On Fantasy Names (Resurrected Rant)

Forrester

First Post
From the archives and for old time's sake, per Piratecat's request . . . (I hope Eric's Grandmother doesn't mind a certain phrase . . .)
-------------------

Those of you who have been taking notes know that the first lecture in the Ass-Sucking series is entitled, roughly,

"Where in the hell did you get that character name? It sounds like something from a Robert Jordan book. Loser."

Admittedly, the title could use trimming, but your Esteemed Lecturer has one too many Bloody Marys in him to worry about that right now.

The point is, there are three basic ways in which to mangle a perfectly good name, and expose yourself to contempt, ridicule, and (hopefully) beatings. Which you deserve, because you suck ass.

1) Replace some, most, or all of the vowels in the words with "Y's".

2) Spell perfectly good words in an extraordinarily stupid way. A great way to start is to replace single vowels with pairs or triplets of vowels. Favorites include "ae", "ii", "uu", "aia", "aie", "ion", and "aeaiaiaiaieaeaa".

3) Spell completely made-up words with strings of mostly vowels and/or apostophes.
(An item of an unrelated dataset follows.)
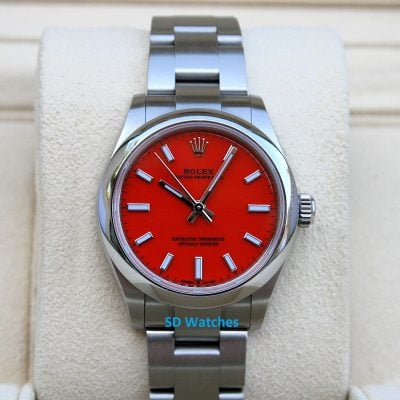 Rolex 277200 Red Coral | SD Watches Close-up of a stainless steel Rolex watch with a bright red dial on a cushioned display lapel/stand, showcasing the bracelet and bezel.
Italicize them if possible, and make them long, long, long.

We'll start with examples from the Master of Dumb Names, Robert Jordan, and move on from there.

Now, let's look at some specific combinations of the above rules.
For instance, note Jordan's expert application of Rule #2:

"Julian" becomes "Juilin"
"Tom" becomes "Thom"
"Brigit" becomes "Birgitte"
"Samuel" becomes "Sammael" (note the expertise use of the "ae" substitution)
"Grendel" becomes "Graendal" (once again, the "ae" touch is wonderfully and painfully applied)
"Elaine" becomes "Elayne", because everyone likes "Y's".

And Rule #3:
"Elaida do Avriny a'Roihan". The only way this name could possibly be improved is with another "y" or two.
"Tel'aran'rhiod" (italicized). I was dissapointed not to find at least one "y" in there, but it was a good effort nonetheless.

Other good general examples include:
"Aiel". Painful.
"Nynaeve". Couldn't he have squeezed another "y" in there?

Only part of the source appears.